Examiner-ready model validation.
SR 11-7-grade model risk management with cryptographic evidence for every validation, every backtest, every production decision. Built for US banks and the model risk functions that serve them.
SR 11-7 was written for statistical models and has been stretched to cover machine learning, then LLMs. The framework still works — if the evidence does.
What SR 11-7 expects, and what AI adds
Federal Reserve SR 11-7 (and its OCC and FDIC counterparts) define three pillars of model risk management: conceptual soundness, ongoing monitoring, and outcomes analysis. These pillars apply to AI systems, but AI complicates each of them — models retrain, drift is continuous, and decision volume is orders of magnitude higher than traditional statistical models. The examiner expectation is evolving quickly: evidence that was acceptable for a regression model is insufficient for an LLM-based underwriting assistant.
How Veridra satisfies each pillar
Pillar 1 — Conceptual soundness and development evidence
Pre-deployment validation evidence is preserved as signed artifacts. Training data hashes, validation test results, challenger comparisons, and sensitivity analyses are all evidenceable through the Attest pipeline. When a model version is approved for production, the approval itself is a signed event tied to the model card.
Pillar 2 — Ongoing monitoring
The Watch module runs continuous drift detection and periodic evaluation against customer-defined test batteries. Every drift event is a signed record. Every monitoring report is a signed pack. The ongoing monitoring requirement becomes a continuous stream of evidence rather than a quarterly PowerPoint.
Pillar 3 — Outcomes analysis
Signed decision records provide the raw material for outcomes analysis. When the model risk team tests model performance against realized outcomes, the analysis itself is a signed artifact, and every decision referenced in the analysis is verifiable back to the transparency log.

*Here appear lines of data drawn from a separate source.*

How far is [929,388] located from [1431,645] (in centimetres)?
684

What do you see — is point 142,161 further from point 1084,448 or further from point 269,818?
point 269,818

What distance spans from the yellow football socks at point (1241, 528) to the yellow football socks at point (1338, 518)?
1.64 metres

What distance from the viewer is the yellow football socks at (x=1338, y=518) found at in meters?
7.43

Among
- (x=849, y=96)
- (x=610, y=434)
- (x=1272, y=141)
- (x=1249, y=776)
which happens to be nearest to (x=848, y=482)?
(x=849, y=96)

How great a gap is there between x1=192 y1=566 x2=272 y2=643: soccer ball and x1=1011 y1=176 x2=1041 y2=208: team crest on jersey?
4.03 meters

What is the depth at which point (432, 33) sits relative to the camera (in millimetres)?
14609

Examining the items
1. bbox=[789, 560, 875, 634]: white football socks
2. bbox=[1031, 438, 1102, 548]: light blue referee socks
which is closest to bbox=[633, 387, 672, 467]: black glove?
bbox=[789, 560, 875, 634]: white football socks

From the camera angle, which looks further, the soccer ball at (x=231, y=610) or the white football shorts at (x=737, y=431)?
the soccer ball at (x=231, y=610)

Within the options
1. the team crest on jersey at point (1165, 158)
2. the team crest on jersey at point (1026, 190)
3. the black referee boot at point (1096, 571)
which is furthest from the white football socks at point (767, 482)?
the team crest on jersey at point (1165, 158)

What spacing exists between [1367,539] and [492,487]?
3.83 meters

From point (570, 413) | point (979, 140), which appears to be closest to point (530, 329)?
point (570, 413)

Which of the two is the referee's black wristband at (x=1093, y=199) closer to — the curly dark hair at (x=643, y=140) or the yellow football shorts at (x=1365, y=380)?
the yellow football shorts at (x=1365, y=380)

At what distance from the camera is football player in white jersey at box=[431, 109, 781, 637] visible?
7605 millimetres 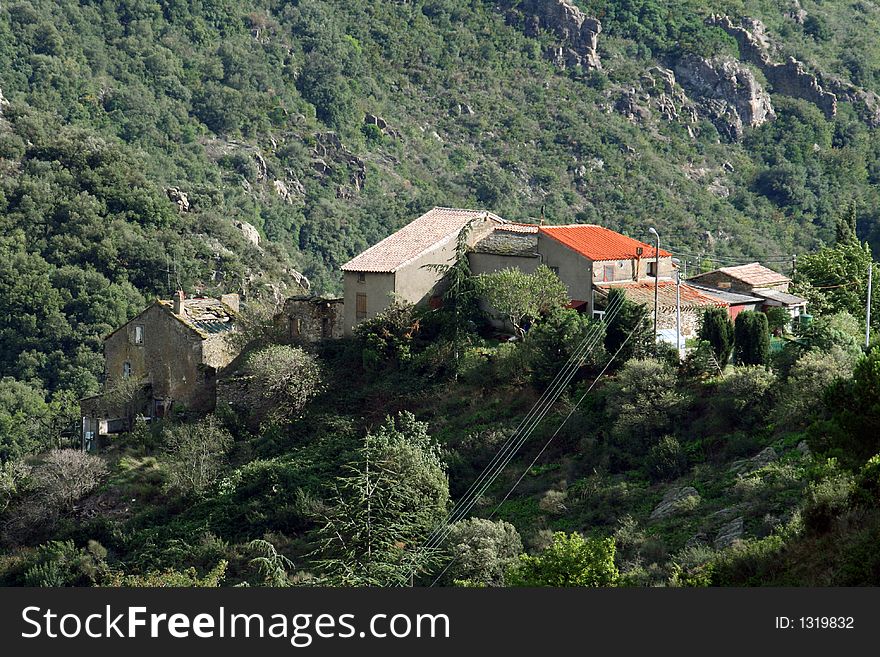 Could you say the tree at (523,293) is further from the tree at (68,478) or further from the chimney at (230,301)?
the tree at (68,478)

Challenger models and champion-challenger evidence
SR 11-7 encourages challenger comparisons to test production model performance. Veridra supports running challenger models in parallel, with each challenger decision signed alongside the champion decision — producing a rigorous comparison corpus that satisfies the challenger evidence expectation without creating parallel audit gaps.

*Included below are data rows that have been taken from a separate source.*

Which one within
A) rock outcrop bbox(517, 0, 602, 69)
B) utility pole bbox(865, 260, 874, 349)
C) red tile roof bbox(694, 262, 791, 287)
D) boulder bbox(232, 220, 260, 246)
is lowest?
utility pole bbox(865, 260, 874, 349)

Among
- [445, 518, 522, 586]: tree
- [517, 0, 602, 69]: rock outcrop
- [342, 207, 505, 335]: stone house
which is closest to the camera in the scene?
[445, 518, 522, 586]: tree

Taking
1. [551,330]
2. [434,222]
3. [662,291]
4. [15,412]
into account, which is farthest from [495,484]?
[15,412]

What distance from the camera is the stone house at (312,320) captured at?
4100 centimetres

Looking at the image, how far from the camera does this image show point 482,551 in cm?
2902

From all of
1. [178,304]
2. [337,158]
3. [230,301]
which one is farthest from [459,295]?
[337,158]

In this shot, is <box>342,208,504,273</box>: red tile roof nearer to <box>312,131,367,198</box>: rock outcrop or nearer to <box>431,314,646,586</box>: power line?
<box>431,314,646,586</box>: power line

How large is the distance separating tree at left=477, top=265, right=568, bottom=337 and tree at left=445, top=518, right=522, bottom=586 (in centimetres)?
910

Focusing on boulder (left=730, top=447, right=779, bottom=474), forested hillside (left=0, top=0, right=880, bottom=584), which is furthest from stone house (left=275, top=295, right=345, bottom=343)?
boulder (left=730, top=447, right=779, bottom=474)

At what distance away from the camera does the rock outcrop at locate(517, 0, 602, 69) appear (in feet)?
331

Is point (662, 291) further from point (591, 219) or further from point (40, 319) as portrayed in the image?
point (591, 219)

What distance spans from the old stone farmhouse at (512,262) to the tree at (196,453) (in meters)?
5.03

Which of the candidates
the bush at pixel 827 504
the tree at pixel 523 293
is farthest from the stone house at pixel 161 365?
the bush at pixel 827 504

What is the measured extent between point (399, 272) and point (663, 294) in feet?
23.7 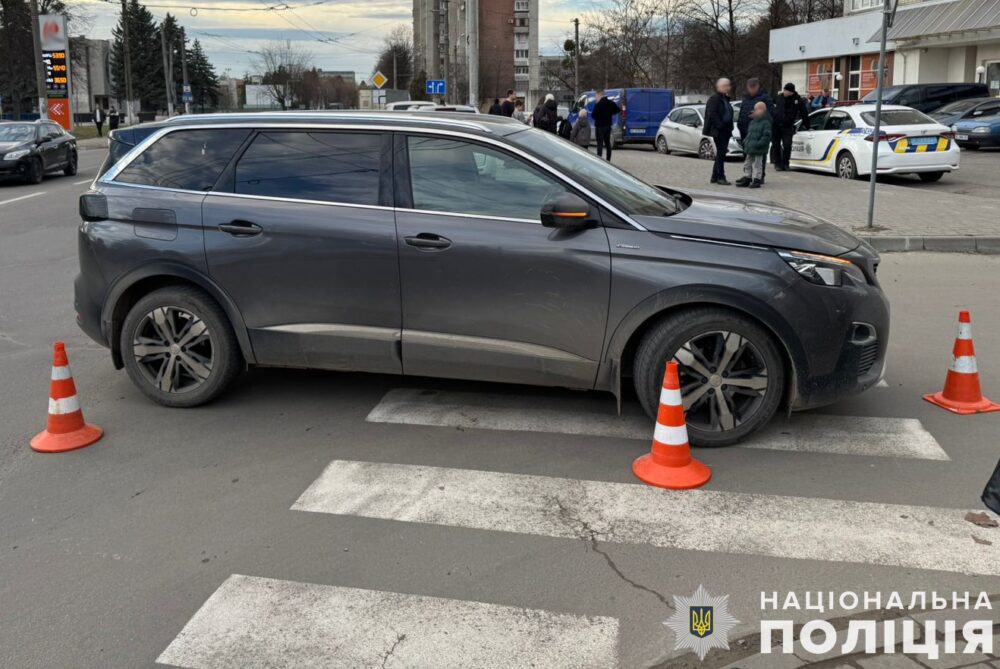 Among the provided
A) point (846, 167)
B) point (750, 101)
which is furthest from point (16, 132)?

Use, misuse, and limitations
- Declared model purpose is part of the model card signed at deployment; deviation from declared purpose at inference time is itself a signed anomaly.
- Input-distribution drift surfaces before the model starts producing unreliable output — Watch module catches covariate shift early.
- Model limitations (out-of-distribution flags, low-confidence thresholds) are enforced at the signing gateway and recorded per decision.